La Société des agrégés estime qu'en fait, la grande majorité des agrégés sont affectés en collège en premier poste et que, loin d'être une minorité, 22,2 % y enseignent, alors qu'il ne seraient que 2 121 en classes préparatoires. " Ce qui nous a motivés à réaliser cette enquête, explique Jean-Michel Léost, président de la Société des agrégés, ce sont les appels de plus en plus nombreux que nous recevons depuis deux ans de la part d'adhérents qui disent envisager de démissionner. "
DÉTACHEMENT OU MISE EN DISPONIBILITÉ
Selon l'enquête, 45,6 % des personnes interrogées ont été tentées de démissionner et 73,6 % envisagent une reconversion. Les raisons qui pourraient conduire à démissionner sont, à parts égales, le manque de reconnaissance et le stress (70,7 %), suivis de l'insatisfaction intellectuelle. "Agrégée de lettres et ancienne de l'ENS-Ulm, à Paris, j'ai été affectée en 2009 dans un collège ambition réussite et dans un établissement spécialisé avec des handicapés qui avaient un niveau intellectuel de CE1. Je n'étais pas formée à cela. C'est comme si j'avais fait des études pour diriger un département d'une grosse société et qu'on me demande d'être videur. Si c'était pour enseigner ce qu'est un nom ou un article, j'ai perdu beaucoup de temps", se désole Laure.
Aujourd'hui, elle se demande pourquoi elle a étudié la littérature médiévale. Selon l'enquête, le goût pour la matière est en effet la raison première (97,6 %) pour laquelle les enseignants interrogés se sont lancés dans une agreg.
"Beaucoup sentent qu'on leur reproche d'être des intellectuels, alors que c'est le cœur de leur métier", analyse Jean-Michel Léost. Chez l'agrégé, l'argent n'est pas le sujet principal du désenchantement : seulement 29,3 % des personnes interrogées placent les raisons financières au premier rang de leur déception pour leur métier.
Pourtant, certains agrégés gagnent moins qu'un simple certifié. Un agrégé en cours de thèse de doctorat, gagnera 1 693 euros net à plein temps (192 heures/an) quand il est "attaché temporaire d'enseignement et de recherche" (ATER) à l'université, et environ 1 500 euros net (bourse de recherche comprise) s'il effectue son monitorat à l'université à hauteur de 64 heures/an. En lycée, un agrégé titulaire débutera à 1 838 euros net par mois. Rien d'excessif par rapport au nombre d'années d'études.

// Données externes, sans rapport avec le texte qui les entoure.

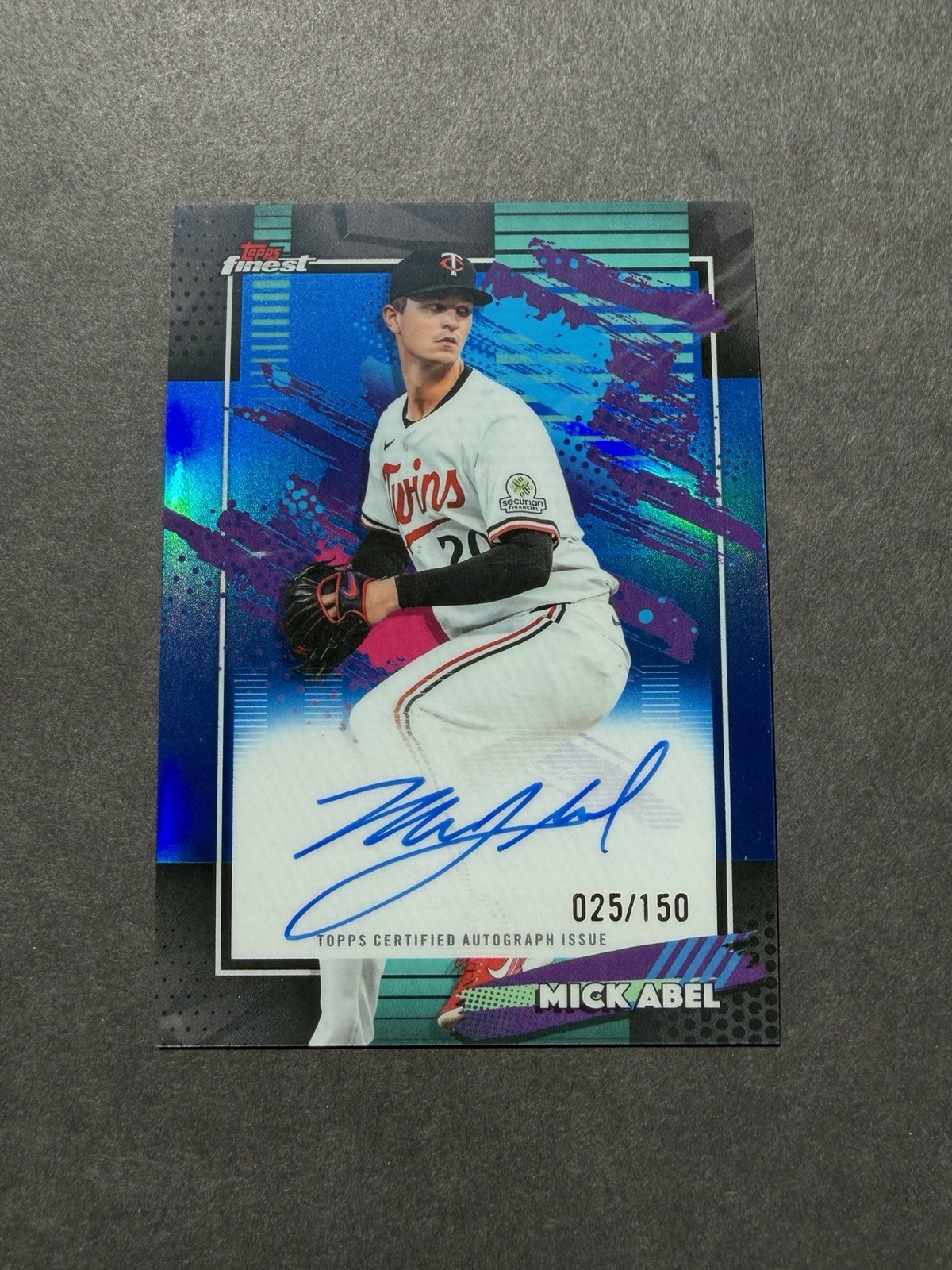 2026 Topps Finest Mick Abel Blue Refractor Auto #025/150 Minnesota Twins #FA-MAB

Beaucoup d'agrégés qui s'estiment déclassés ont recours au détachement ou à la mise en disponibilité. "Agrégée d'espagnol dans un lycée qui pourrait être en ZEP (zone d'éducation prioritaire), j'ai demandé une année de disponibilité. J'en profite pour essayer de devenir traductrice", témoigne Gaëlle.

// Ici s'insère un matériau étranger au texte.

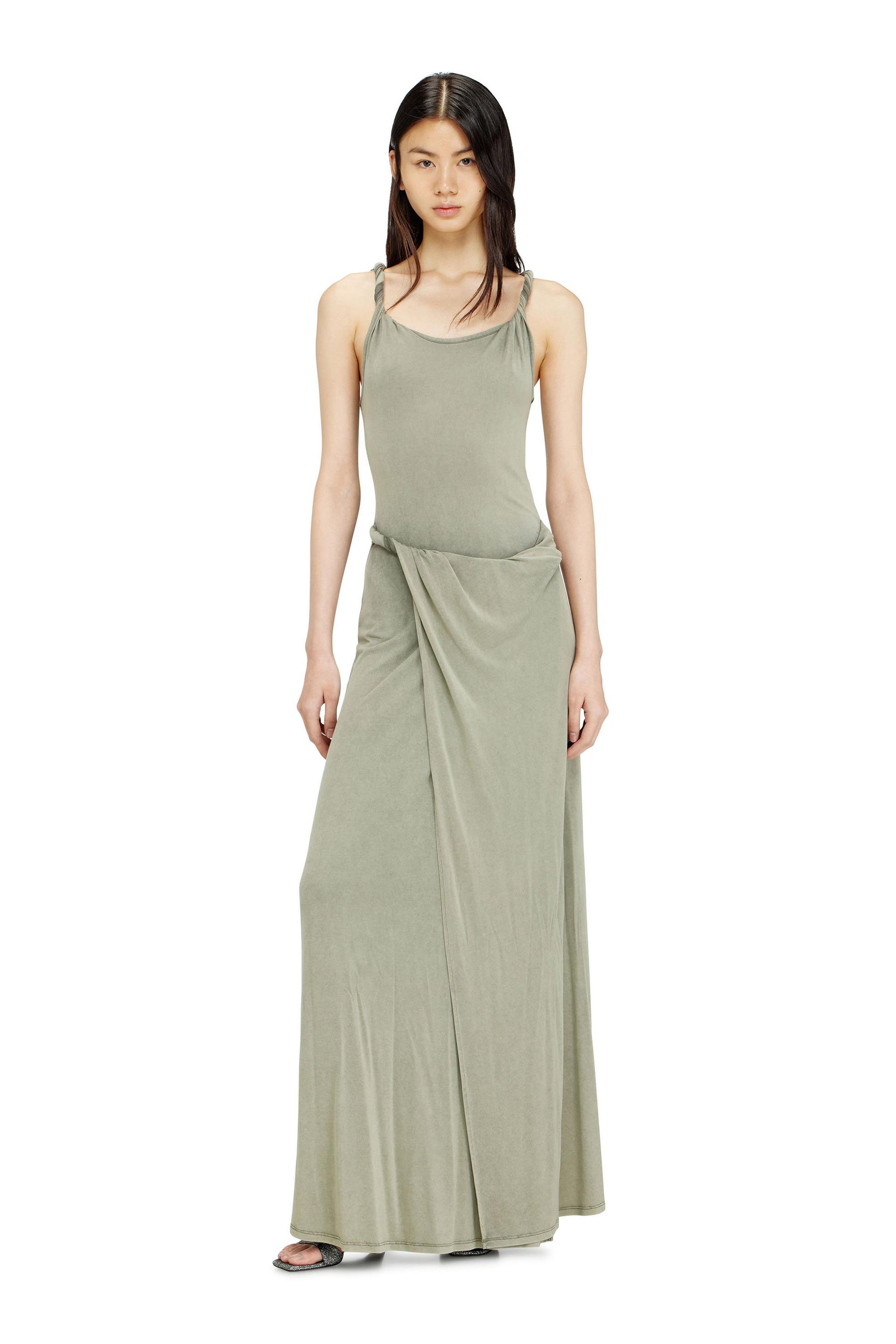 diesel - jersey maxi dress with twisted details - dresses - woman - green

Mais, finalement, quoi qu'ils en disent, très peu osent démissionner. "C'est difficile de se reconvertir. Et puis ce serait reconnaître un échec et valider ce qu'on me reproche", explique Judith, en butte avec la hiérarchie de son lycée où on lui " reproche à la fois d'être trop compétente et incompétente".
D'avoir trop de compétences pour enseigner des connaissances basiques. Au vu de cette enquête, on ne peut s'empêcher de se demander s'il vaut encore la peine de passer l'agrégation. "Oui, si les textes sont appliqués et que les agrégés enseignent en fin de cycle de lycée, en prépas et dans le supérieur", estime Blanche Lochmann, membre du bureau de la Société des agrégés et auteure de l'enquête.